Space is calling - banner of GLONASS program

Space is calling – banner of GLONASS program

GLONASS, or Global Navigation Satellite System, is Russia’s answer to GPS, providing real-time positioning and timing services globally. Initiated by the Soviet Union in 1976, it became fully operational in 1995. The system is vital for both military and civilian applications, ensuring independence from American GPS. GLONASS supports numerous devices across various sectors, including telecommunications, emergency services, and transportation, enhancing navigation accuracy worldwide.

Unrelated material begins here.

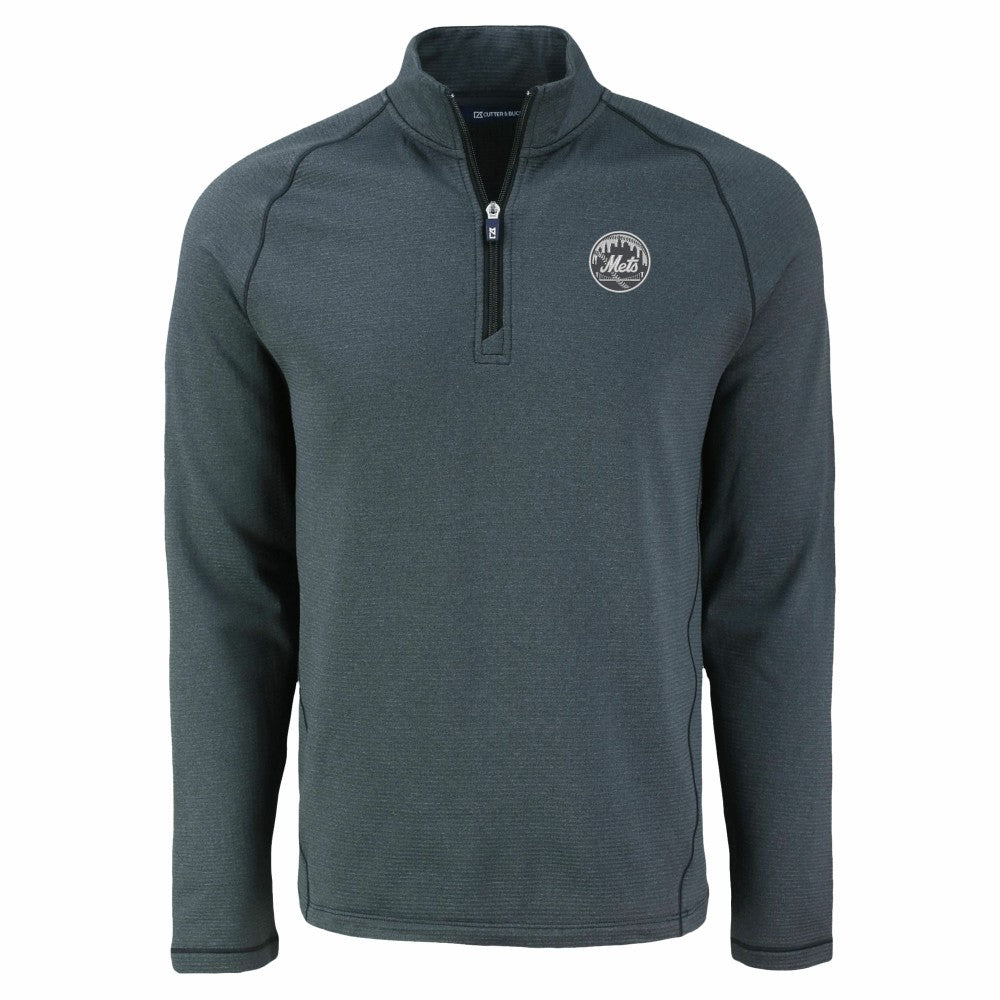 New York Mets Cutter & Buck Peshastin Eco Fleece Recycled Raglan Quarter-Zip Top Heather Black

“Unclear” intervention in Crimea and eastern Ukraine pushed a number of governments to apply sanctions against Russian individuals and businesses. The sanctions are strongly hitting Russian economy which moves into recession. Also Russian global satellite navigation system GLONASS will suffer. Due to restrictions in the delivery of radiation-resistant electronic components from the West, GLONASS satellite manufacturer will cancel the program for building the new type of satellites called GLONASS-K2.

Nikolai Testoyedov, CEO of Information Satellite Systems Reshetnev, told the Russian magazine Vestnik GLONASS:

After the two GLONASS-K1 satellites No. 11 and 12, we wanted to go for the launch of more advanced GLONASS-K2 devices. But, unfortunately, the plans had to be adjusted somewhat because of the sanctions restricting the delivery of radiation-resistant electronic components from the West. We have to put a hold on the in-depth development of technical and technological documentation and that delays us in terms of moving ahead by at least a year or two.

This will not affect the functioning of the system which had achieved 100 percent coverage, with the full orbital constellation of 24 satellites operational in 2011.